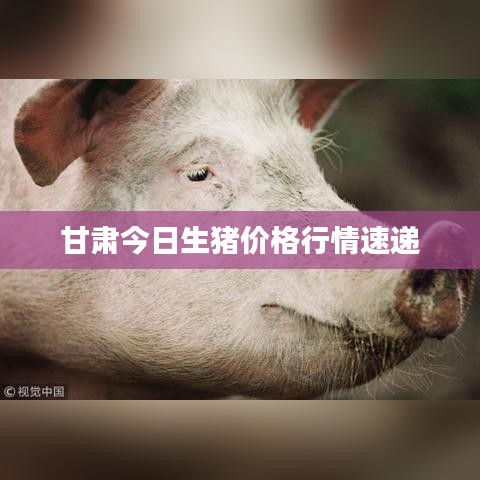 欣喜若狂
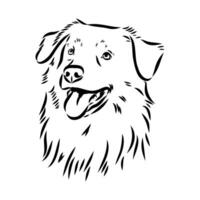 Australian shepherd dog vector sketch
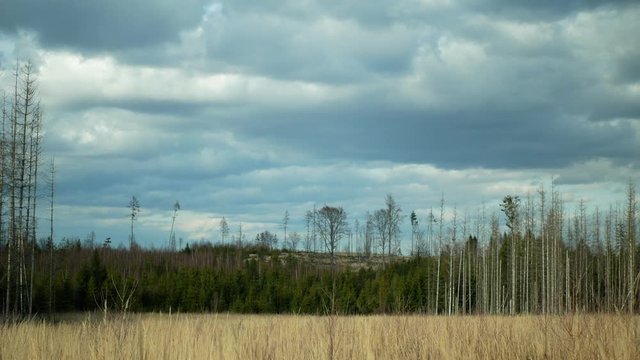 Bark wood beetle pest Ips typographus infestation, spruce bast tree infested attacked by European spruce, making their way in wood larva and larvae, clear cut calamity, cutting deforestation
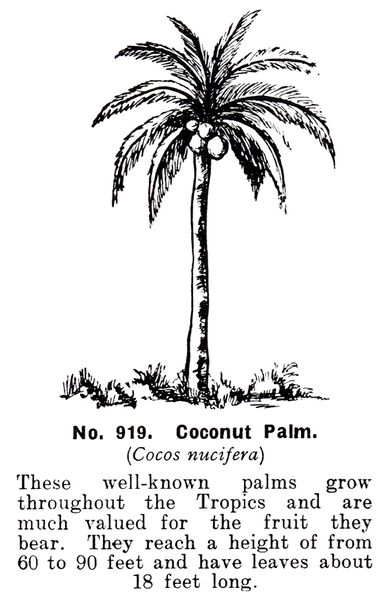 File:Coconut Palm Tree, Britains Zoo No919 (BritCat 1940).jpg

+--

→ Problem statement
Without the images, print all of the lines above exactly.

→ Reply to the exercise
 欣喜若狂
 Australian shepherd dog vector sketch
 Bark wood beetle pest Ips typographus infestation, spruce bast tree infested attacked by European spruce, making their way in wood larva and larvae, clear cut calamity, cutting deforestation
 File:Coconut Palm Tree, Britains Zoo No919 (BritCat 1940).jpg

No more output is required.